The cast of characters you’ll meet continues to grow and grow with each act. Joining Conway and Shannon are Ezra, a boy with a giant eagle for a brother who is dealing with the fact that he may or may not have been abandoned by his parents, Johnny and Junebug, two former mining androids turned traveling musicians, Clara a theremin player who is headed to Nashville but also puts on an impromptu concert on the steamboat the Mucky Mammoth, and of course the ever-elusive Weaver Marquez. Johnny and Junebug’s introduction to the group is a particular highlight in the story. While much of KRZ settles for static and ambient background noise, the choose your own song that Junebug performs in a dive bar is nothing short of breathtakingly beautiful, both in the musical composition, and the ethereal beauty of watching her literally blow the roof off the place. After Conway’s truck breaks down on the side of the road, Johnny and Junebug stop and offer to help the group out- with a catch. In exchange for the androids fixing the truck, Conway and co. must follow them to the Lower Depths, a run-down dive bar where the bartender has made a deal with the devil to keep the place open and running. You know, he did have to make a deal with the boys down at the Hard Times Distillery….
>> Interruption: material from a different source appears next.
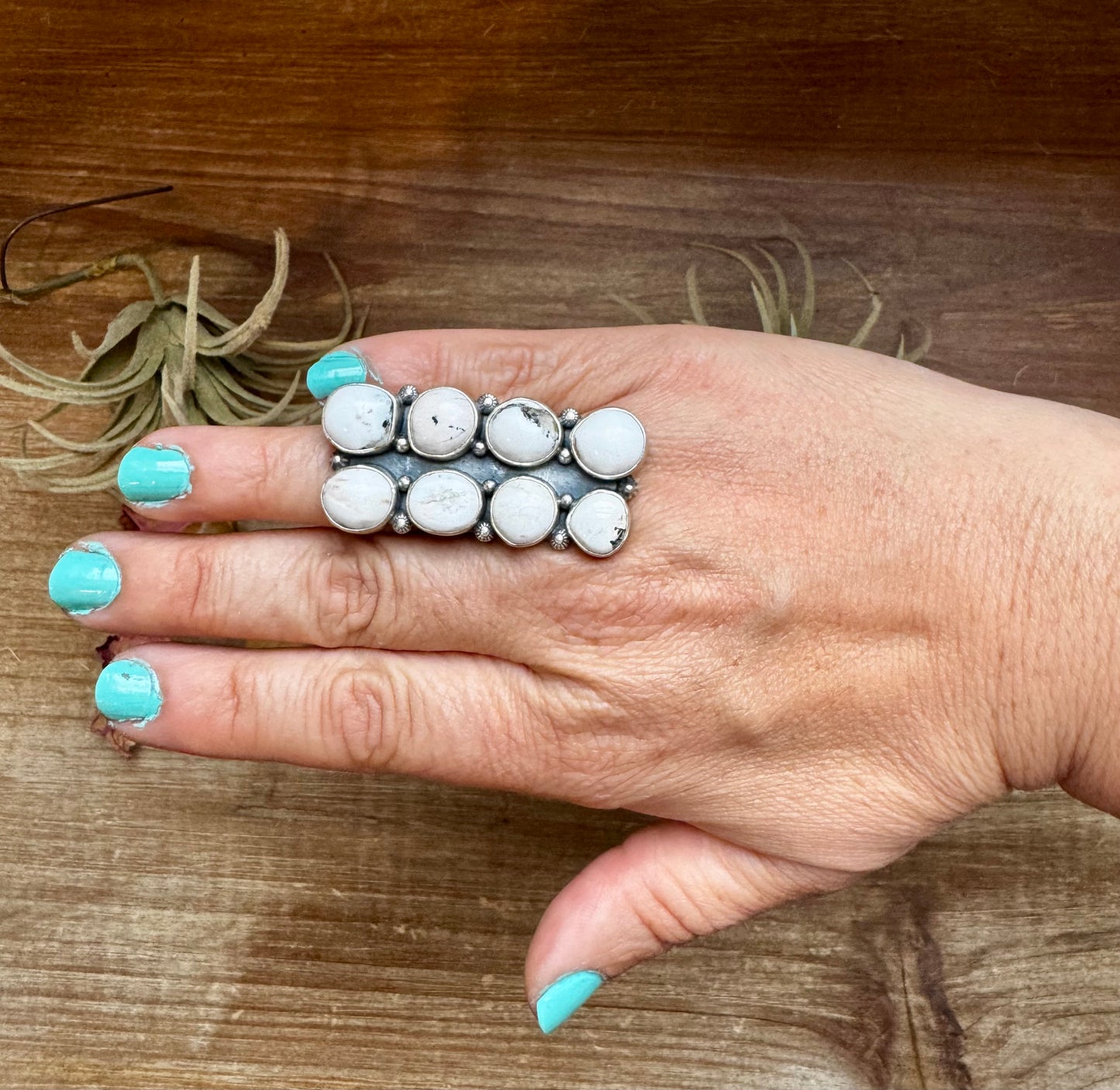 Adjustable long statement ring featuring eight genuine White Buffalo turquoise stones set in solid sterling silver with a detailed band. Stamped ZIA. Handmade in the USA. One-of-a-kind and curated by The Bijoux FAB.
Junebug’s performance in Act III stands alone as perhaps one of my favorite moments in any video game EVER. Her and Johnny discuss beforehand that they play Too Late to Love you Now, each time not being entirely certain what the song is about, much in the same way that you as the player are getting more of a feeling and a vibe while playing this game. It’s a beautiful moment of surrealism watching the roof fade away,
her clothes change from a biker outfit into a blue ball gown, hearing that synth pump away in the background and realizing that you are writing this song as it unfolds. The choices you make never really matter, just as in any other point. This is a moment you simply glide through, perfectly capturing the feeling that has been slowly bubbling away in the background of this entire game, only for it to fully erupt from the surface in Act III. Do yourself a favor, play this moment on the biggest screen possible, late at night with the lights turned all the way down and just sink into whatever seat you’ve pulled up. It’s a moment I will literally never forget.


It seems nearly impossible to fully sum up every single bit and piece of Kentucky Route Zero. With so many memorable characters, music tracks, and writing it seems almost undignified to write about it in such an incomplete manner, but here I still sit. I’d never felt more compelled to immediately jump into getting my thoughts onto a page than I did tonight after finishing my second playthrough of this game. It’s a masterpiece. There is no other way to describe it, but even that still feels like a description that falls far short of what this game is. Kentucky Route Zero is a game that will get into your head, and under your skin, and its one that I will be thinking about for a long, long, long time. There isn’t often that you’re around to experience a piece of media that re-writes the definition of the thing that it’s a part of, but Kentucky Route Zero comes pretty damn close.